Finite Element Modeling and Analysis for Creep Buckling of a Cylindrical Shell Subjected External Lateral Pressure with Local Wall Thinning

Abstract

The corrosion, erosion, or worn defects on cylindrical shells often lead to localized wall thinning. The influence of the local wall-thinning defects on the creep buckling behavior of the cylindrical shells serving in high-temperature environments with high pressure is studied. A finite element model is developed for a Zircaloy cylindrical shell with two kinds of geometrical imperfections, including initial ovality and local wall thinning, which are the representations of the global and local geometric imperfections, respectively. Their influence on the creep buckling modes and the critical buckling time is investigated through the creep buckling analysis. It is revealed that the buckling modes are dominated by the ovality deformation in a wide range of defect widths, whether the initial ovality appears or not. The local thinning defects significantly reduce the critical buckling time of the cylindrical shells with initial ovality, where a 30% reduction was observed even with a small local defect, highlighting the need for careful consideration in practical applications.

1. Introduction

Cylindrical shell structures often operate under high-temperature and high-pressure conditions, including superheating pipes in boilers [1] and nuclear fuel rod cladding in pressurized water reactors (PWRs) [2,3,4,5]. The cylindrical shell under external pressure has a risk of buckling [6]. To prevent buckling failure, it is a fundamental design requirement that the external pressure during the period of service must be less than a critical load, which can be determined by an elastic buckling analysis [6]. Moreover, the creep deformation of the material at high temperatures can also significantly influence the buckling behavior [7]. After a long time serving in a high-temperature environment, an irreversible creep deformation will be produced, and creep buckling could occur in a pressured cylindrical shell or pipe, where the external pressure could be much less than the critical load. As creep buckling will seriously reduce the service life or safety, it needs more consideration in practical design and analysis [8,9]. Many research studies have focused on this topic through theoretical analyses [1], experimental investigations [10,11,12], and numerical simulations [10,13,14,15]. It was confirmed in [10] that the phenomenon of creep buckling of cylindrical shells exists, and it is very sensitive to small variations in initial parameters, such as the initial geometric imperfection and the external pressure [13,15]. Based on the experimental and numerical studies, Combescure [11,14] observed that creep buckling is a very dangerous failure mode: nothing seems to happen during a very long “incubation” period, but when the initial imperfection reaches some critical value, buckling then suddenly occurs. Combescure and Jullien [15] further showed that the effect of creep law modeling is also important in the creep buckling analysis.

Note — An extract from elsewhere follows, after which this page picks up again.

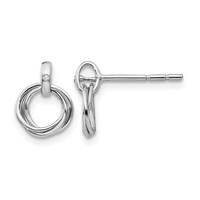 White Ice Sterling Silver Rhodium-plated Three Ring Diamond Post Earrings view 1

The buckling or collapse behavior of shell structures is sensitive to the imperfections, which may come from manufacturing, fabrication, welding, transportation, and so on [6]. The imperfections in shells can be classified as geometrical imperfections, structural imperfections, and loading imperfections, where the geometrical imperfections are more dominant in determining the load-carrying capacity [16,17,18]. The geometrical imperfections, such as circularity, cylindricity, local indentations, dents, dimples, cracks, swellings, non-uniform thicknesses, etc., in cylindrical shell structures, can be further classified into two main categories: the global imperfections and the local imperfections [19,20,21]. Many approaches have been developed to model the geometrical imperfections in buckling analysis. For the global imperfections or the distributed imperfections, some representatives include [22] the following: (a) single modal method, (b) superposition of multimodal shapes, (c) Gaussian random imperfection shapes based on construction tolerance, (d) periodic buckling wave imperfections, and (e) measured geometrical imperfections. The finite element method (FEM) and the FEM softwares or codes have been powerful tools to analyze the structural buckling behavior [23]. In the FEM analysis, the buckling modes can be obtained by conducting an elastic/eigenvalue buckling analysis, and then the geometrical imperfections can be defined by scaling each mode with superposition. Correspondingly, the local geometrical imperfections on the internal surface or/and the external surface can be modeled in detail according to the tests or simplified by some dents and dimples [18,19,24,25,26] or local wall-thinning defects [27,28,29,30,31,32,33,34,35,36,37,38,39]. They show that the local geometrical imperfections could significantly influence the buckling modes and load-carrying capacity of the cylindrical shell structures or pipes under external pressure [24,28,29,30,37,38].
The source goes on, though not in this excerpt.